## What you need to do
Word for word, reproduce each line of the data below, omitting every image.

## Supplied data

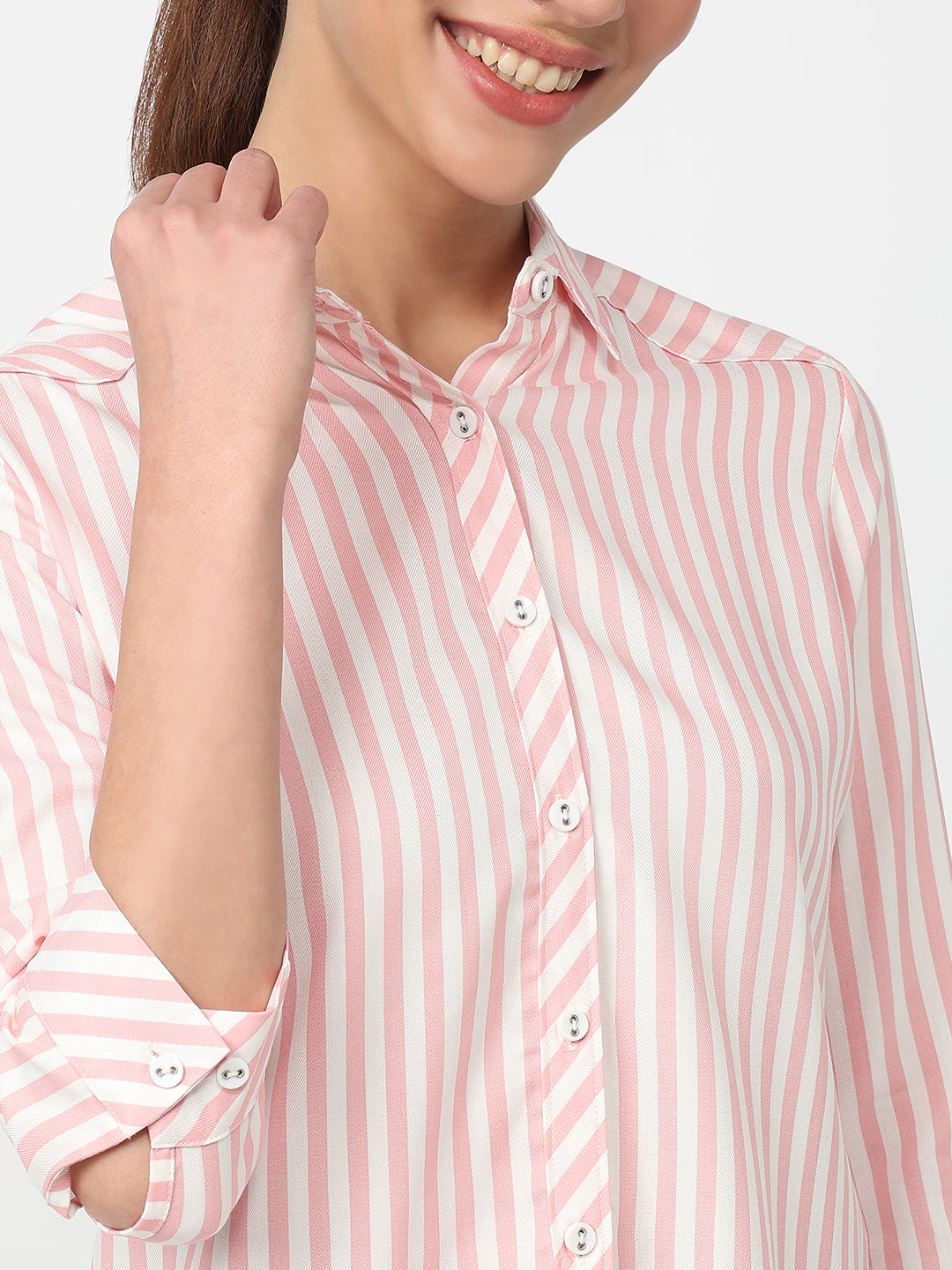 Women Peach Pink/White Striped Shirt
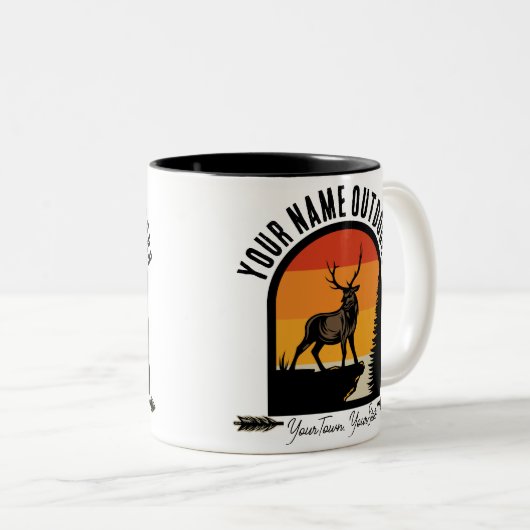 Jagd ADD NAME Außerhalb des Elk Wilderness Camp Zweifarbige Tasse (VorderseiteRechts)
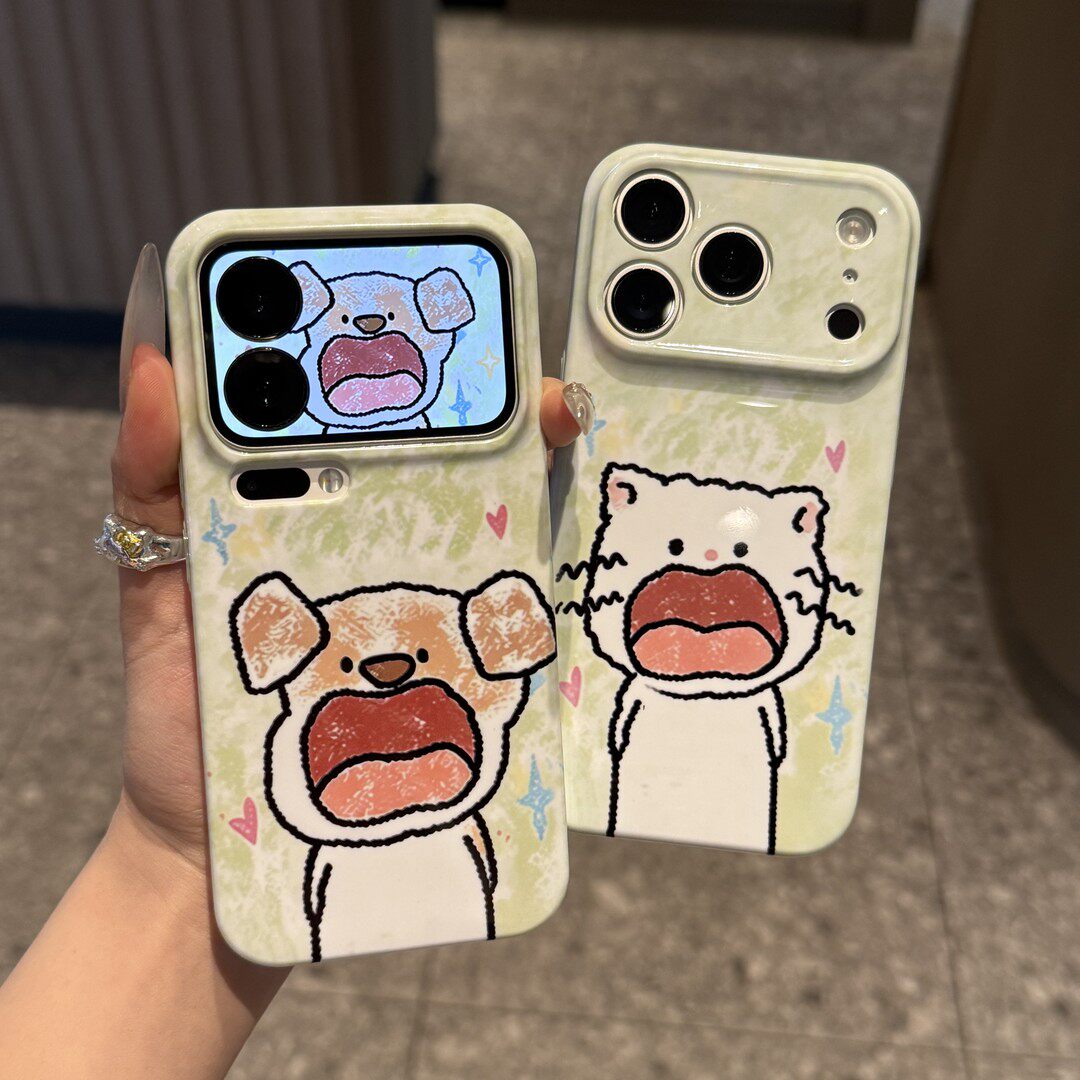 情侣涂鸦张嘴猫狗新款适用苹果17Promax手机壳iPhone16pro13小米15华为mate80pura70k90reno14荣耀500x300s50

## Answer to the problem
 Women Peach Pink/White Striped Shirt
 Jagd ADD NAME Außerhalb des Elk Wilderness Camp Zweifarbige Tasse (VorderseiteRechts)
 情侣涂鸦张嘴猫狗新款适用苹果17Promax手机壳iPhone16pro13小米15华为mate80pura70k90reno14荣耀500x300s50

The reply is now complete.